第19章 019

摇曳的烛光渐渐微弱,烛泪顺着烛身缓缓淌落,几乎燃烧殆尽。

唐乔婉的声音轻柔而舒缓,细细讲述着往昔岁月。

她娓娓道来,说起一家人在丰梁村度过的悠悠时光。

“我十三岁之前住在村里,院后有片自家的麦田,”她垂着眼,睫毛在眼下投出浅淡的影,“每到麦熟季,爹娘带着我和姐姐去割麦,我有时偷懒往麦垛里钻,被爹揪出来时,满脸都是麦芒。邻里婶子们会互相帮衬,谁家先割完,就去别家搭把手,傍晚坐在晒谷场上,分着吃婶子烙的麦饼,甜得能沾住牙,如今想来真是怀念。”

又谈到后来举家迁至镇上,生活虽有了些变化,却依旧充满着温馨。

父母对姐弟二人总是宽容又赞许,虽然对她比较严苛,却也爱护。

“后来爹在镇上开了家小木匠铺,娘就坐在铺子后屋绣活。姐姐手巧,跟着娘学绣,最爱绣白鹤,翅膀上的羽毛都绣的和真的一样。我那时皮,总偷拿她的绣线缠在手腕上,姐姐从不恼,只会笑着帮我解,还把剩下的线头编成小玩意儿给我。”

她讲起姐姐的温柔似水,总是能及时给她关怀。

又说起姐弟二人从小到大的趣事,现在提及总觉得羞耻又好笑。

“现在想起来,”她轻轻叹口气,指尖捏了捏衣角,“那时的日子慢,连烦恼都是轻的。哪像现在,总觉得脚不沾地,连回头想的空都没有。”

如今的她,与曾经的唐乔婉相比,早已判若两人。

回忆起从前身为小女儿时的模样,那份纯真与烂漫,仿佛已在岁月中渐行渐远,让人徒生怀念。

她沉浸在回忆里,虽是以唐正清的视角叙述,可言语间难掩对过往的深切眷恋。

说着说着,整个人的神情都变得柔和温软起来,仿佛穿越时光的隧道,又回到了那座熟悉的家乡小院。

阳光透过枝叶的缝隙洒下,她和弟弟在院里的梧桐树下嬉笑玩闹。

父母各自忙碌着手中的活计,母亲坐在一旁,专注地绣着那块上等的绣布,针脚细密。

父亲则满头大汗,手中的刨子在木材上舞动,木屑纷飞。

院里的小黄狗欢快地摇着尾巴,在一家人的脚边来回乱窜,时不时发出几声欢快的吠叫。

“真是怀念啊。

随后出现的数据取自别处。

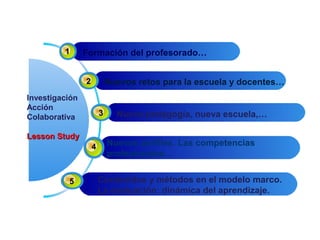 1 Formación del profesorado…
2 Nuevos retos para la escuela y docentes…
3 Nueva pedagogía, nueva escuela,…
5 Contenidos y métodos en el modelo marco.
La evaluación: dinámica del aprendizaje.
4 Nuevos perfiles. Las competencias
profesionales…
Investigación
Acción
Colaborativa
Lesson StudyLesson Study
 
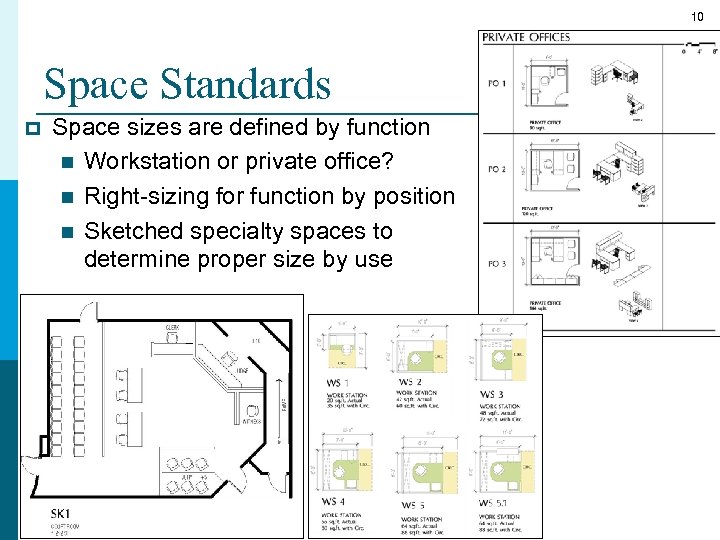 10 Space Standards p Space sizes are defined by function n Workstation or private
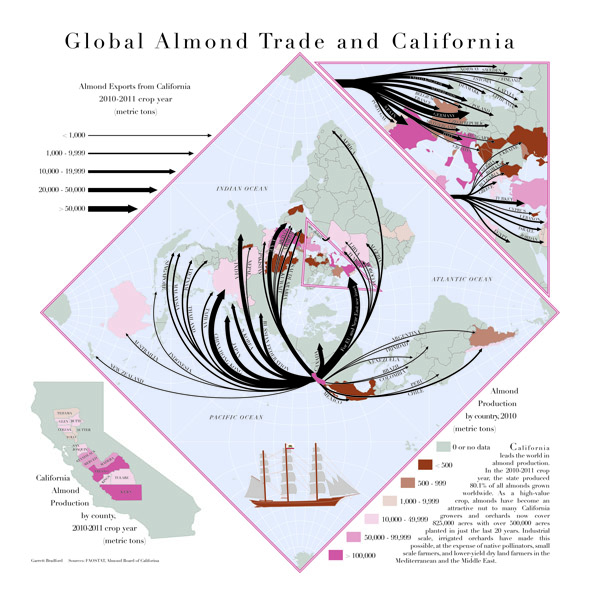 Figure 3. Global Almond Trade and California by Garrett Bradford in Food: An Atlas (2013).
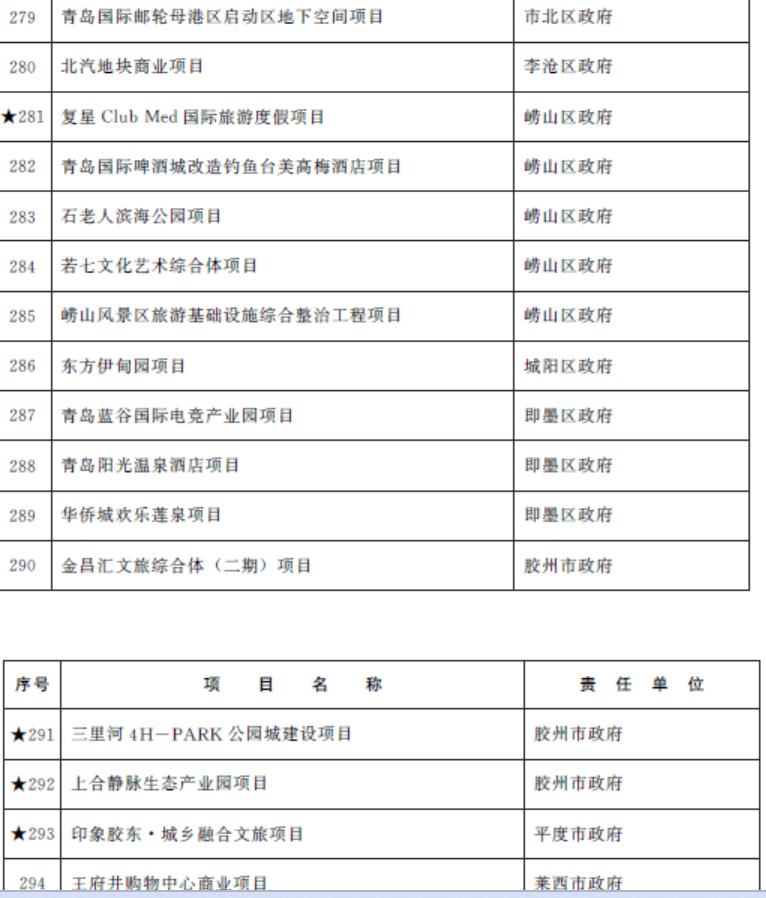 “熊出没”来了！青岛终于又落地文旅大项目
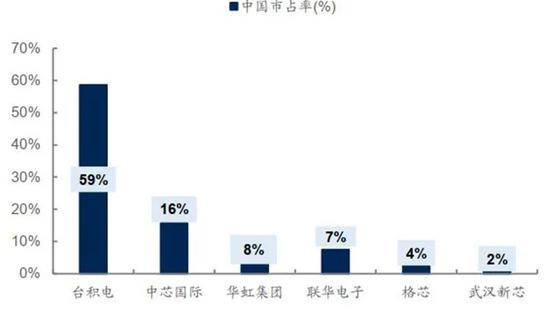 ▲2019年中国晶圆代工格局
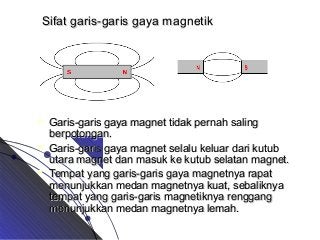 Detail Gambar Garis Garis Gaya Magnet Nomer 38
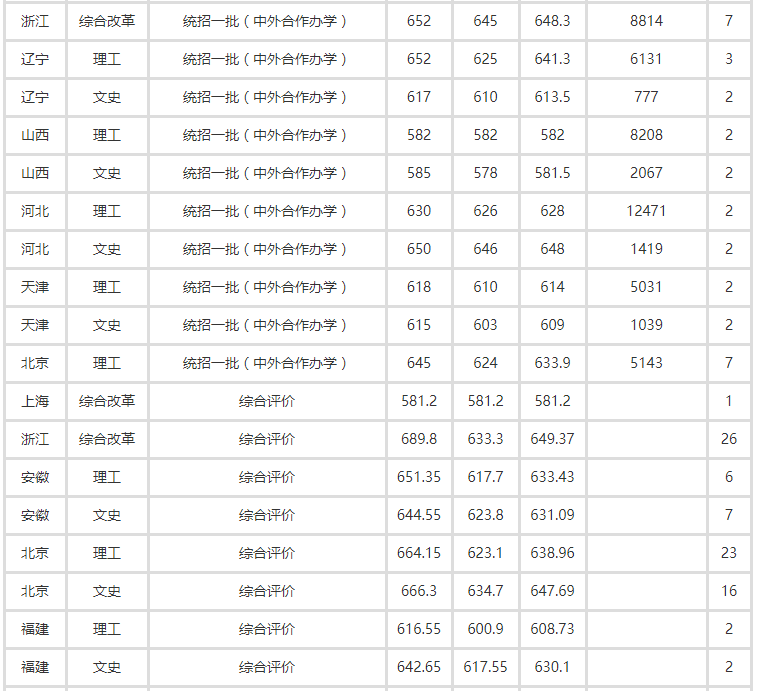 2018年北京外国语大学高考文理科录取分数线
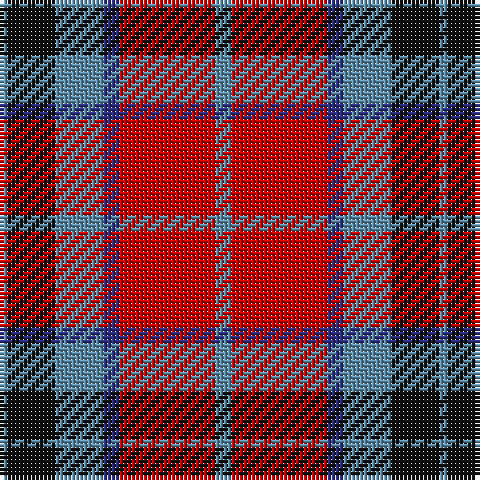 B/2 K12 B12 DB4 R24 B/4 tartan Tartan detail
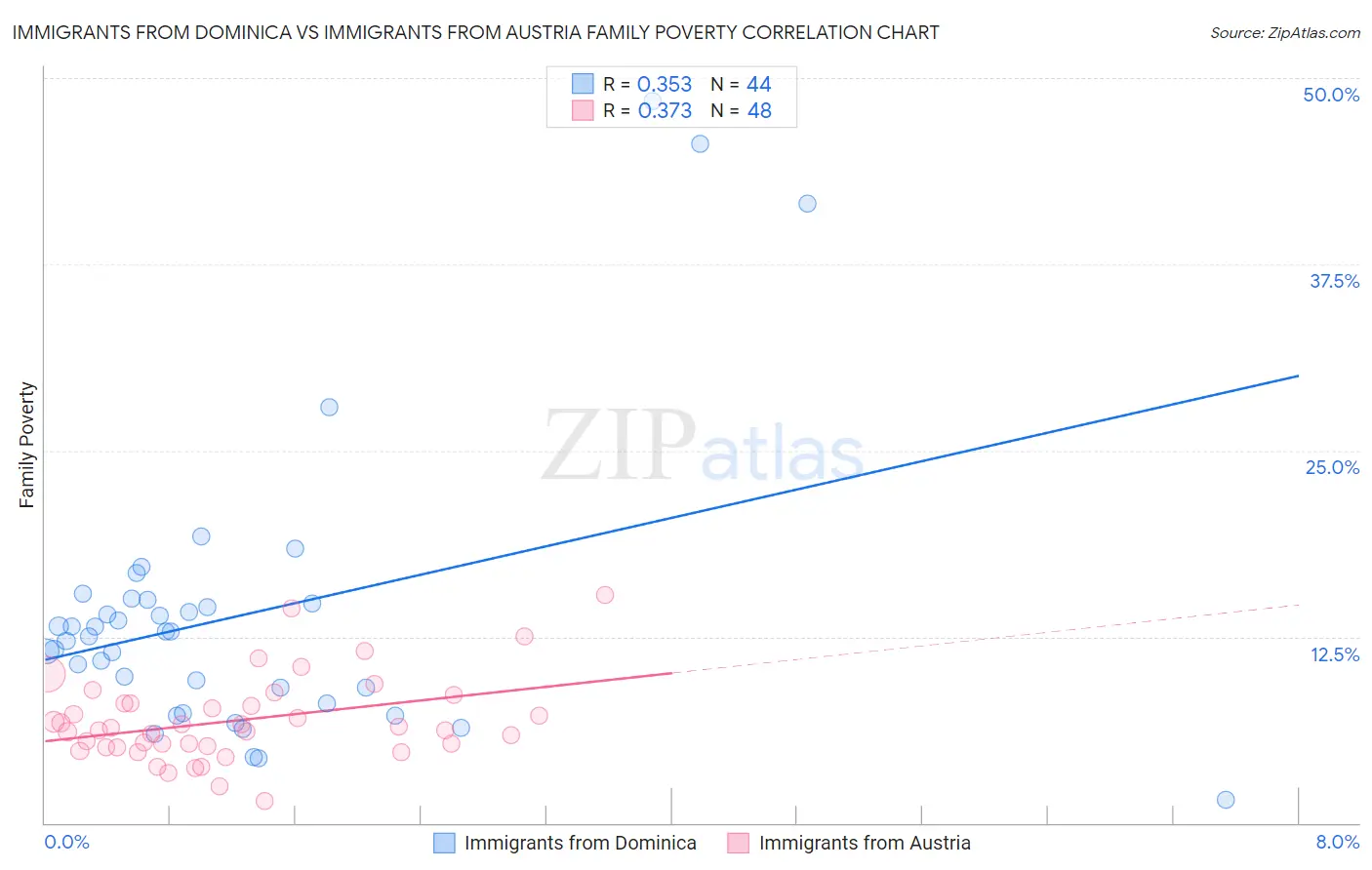 Immigrants from Dominica vs Immigrants from Austria Family Poverty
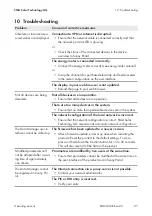 Preview for 47 page of SMA DATA MANAGER M Operating Manual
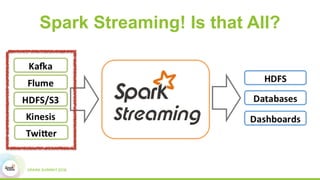 Spark Streaming! Is that All?
 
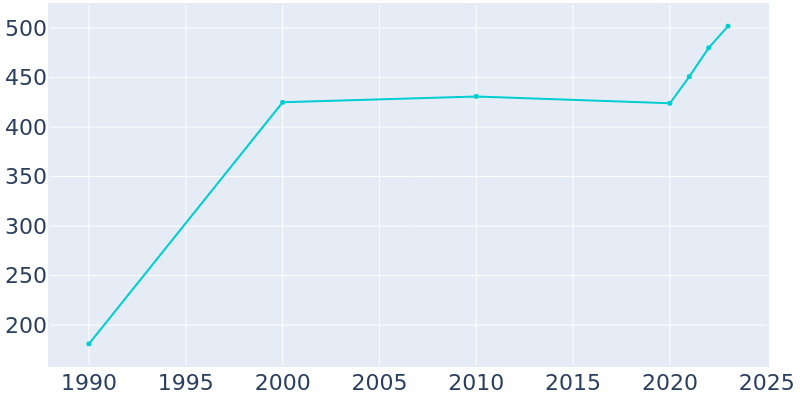 Population Graph For Sunrise Beach, 1990 - 2022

”唐乔婉轻声感叹,语气中满是怅惘。

慕凌折听得入了神,仿佛自己也置身于那充满烟火气的小院,亲眼见证着姐弟俩在爱与温暖中慢慢长大。

他眼前浮现出一个缠着绣线的小姑娘,心尖忽然软了一块。这些年他见惯了朝堂的算计、军营的冷硬,这样平凡烟火气的回忆,竟让他觉得格外动人。

虽没有确凿的证据,但他心底总有一种强烈的直觉,那唐乔婉,就是当年那个救了自己性命的女子。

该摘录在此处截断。